Dieses Konzept der Abstimmung zwischen den Teilstreitkräften bestimmte das Denken in Deutschland von Anfang der sechziger bis Anfang der neunziger Jahre des vorigen Jahrhunderts mehr als dreißig Jahre lang. Tatsächlich deuteten sich aber bereits in den achtziger Jahren und damit deutlich vor dem Ende der Blockkonfrontation verschiedene Veränderungen an. Eine davon war die Renaissance der operativen Führung. In den Vorstellungen der Allianz hatte es diese Ebene, die das militärische Denken in Deutschland in der Vergangenheit sehr stark bestimmt hatte, über lange Jahre nicht gegeben. Man kannte nur strategische und taktische Führungsebenen.
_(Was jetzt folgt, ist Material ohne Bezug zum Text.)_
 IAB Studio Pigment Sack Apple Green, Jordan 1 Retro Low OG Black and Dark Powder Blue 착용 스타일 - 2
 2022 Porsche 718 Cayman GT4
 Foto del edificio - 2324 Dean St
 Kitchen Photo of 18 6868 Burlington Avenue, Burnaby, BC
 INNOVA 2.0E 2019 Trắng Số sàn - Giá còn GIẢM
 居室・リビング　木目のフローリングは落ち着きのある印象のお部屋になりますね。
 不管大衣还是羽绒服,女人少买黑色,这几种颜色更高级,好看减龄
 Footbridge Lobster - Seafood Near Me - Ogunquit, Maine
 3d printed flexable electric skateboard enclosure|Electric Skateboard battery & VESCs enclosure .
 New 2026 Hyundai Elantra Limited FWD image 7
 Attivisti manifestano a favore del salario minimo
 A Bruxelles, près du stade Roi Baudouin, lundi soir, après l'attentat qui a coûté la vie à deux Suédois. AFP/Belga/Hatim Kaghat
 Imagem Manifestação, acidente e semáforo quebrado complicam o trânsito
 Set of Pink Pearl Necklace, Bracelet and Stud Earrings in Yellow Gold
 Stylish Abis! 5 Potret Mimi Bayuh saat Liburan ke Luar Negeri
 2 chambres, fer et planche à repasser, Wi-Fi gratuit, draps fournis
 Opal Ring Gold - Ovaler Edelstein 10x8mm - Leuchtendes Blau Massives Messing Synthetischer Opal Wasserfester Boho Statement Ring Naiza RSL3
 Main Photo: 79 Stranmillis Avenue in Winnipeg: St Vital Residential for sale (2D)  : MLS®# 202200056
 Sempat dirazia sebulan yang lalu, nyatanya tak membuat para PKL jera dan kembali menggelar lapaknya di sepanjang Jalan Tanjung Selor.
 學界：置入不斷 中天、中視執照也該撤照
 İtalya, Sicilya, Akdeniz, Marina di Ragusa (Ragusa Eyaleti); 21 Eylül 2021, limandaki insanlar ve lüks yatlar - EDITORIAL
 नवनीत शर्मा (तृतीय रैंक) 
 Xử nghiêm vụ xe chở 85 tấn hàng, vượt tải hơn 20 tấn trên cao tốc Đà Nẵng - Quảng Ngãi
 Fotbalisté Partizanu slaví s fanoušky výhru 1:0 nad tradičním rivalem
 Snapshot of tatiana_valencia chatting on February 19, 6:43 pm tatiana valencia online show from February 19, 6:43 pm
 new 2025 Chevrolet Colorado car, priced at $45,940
Mit der Wiederbelebung des operativen Gedankens wurde die Zusammenarbeit der Teilstreitkräfte der operativen Ebene zugeordnet. Dabei stand allerdings wiederum die enge Verzahnung der Land- und Luftkriegführung im Vordergrund der Überlegungen, wie der Inspekteur des Heeres in einem Aufsatz 1987 ausführt: »Schon im Zweiten Weltkrieg blieb voneinander getrennten Operationen von Land- und Luftstreitkräften meist der Erfolg versagt. Auf dem Weg zur Schlacht darf es nur einen Herren geben, sonst werden Kräfte und Mittel vergeudet.«
In den USA schlug sich die veränderte Denkweise in den Anfang 1986 gemeinsam veröffentlichten Dokumenten »The Maritime Strategy« und »The Amphibious Warfare Strategy« nieder. Dort wird die gestiegene Bedeutung streitkräftegemeinsamer Zusammenarbeit und gemeinsamer amphibischer Operationen von Navy und Marine Corps gleichermaßen betont. Unter der Überschrift »Carrying the Fight to the Enemy« wurden amphibische Landungen als Beitrag zur Schlacht an der Zentralfront Europas in unmittelbarer Nähe des sowjetischen Mutterlandes diskutiert. Damit erwogen die USA 1986 eine Strategie, von See aus direkt auf den Kriegsschauplatz an Land einzuwirken, wie sie Ruge in den fünfziger Jahren ins Auge gefasst hatte.